Volcano follows Tommy Lee Jones (so it's already a win) as Mike Roark, the head of the Los Angeles Office of Emergency Management, as he tries to keep millions of people safe from the eruption of a volcano that suddenly appeared in downtown L.A.
I have to take a moment because I just love the plot that much.
A-List Cast
Roark, Anne Heche's Vulcanolgist Amy Barnes, and co-worker Emmit Reese (played by Don Cheadle years before he came to America's attention) have to divert a deadly flow of lava through the streets of L.A.
And in THIS traffic?
It has incredible special effects (for the time and even by some of today's standards) and never got the recognition it deserves.
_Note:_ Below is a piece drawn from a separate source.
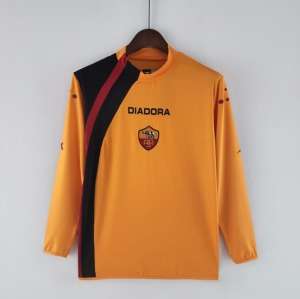 AS Roma 2005/06 Home Long Sleeve Jersey
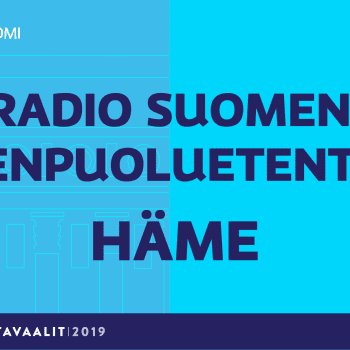 Eduskuntavaalit 2019: Pienpuoluetentti, Hämeen vaalipiiri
That's probably due in large part to Dante's Peak exploding into theaters just a few months before the release of Volcano.
Volcanoes were really "in" in 1997.
Surprising Depth
Not just dealing with the urban planning nightmare of surprise volcano, the movie also touches on elements of civil unrest, racism, parenthood and other themes.
Also Tommy Lee is at his grumpiest best which is always fun.
It's really not even close, but with the success of Titanic so well-documented I'll have to be contented with my own grumpy rumblings.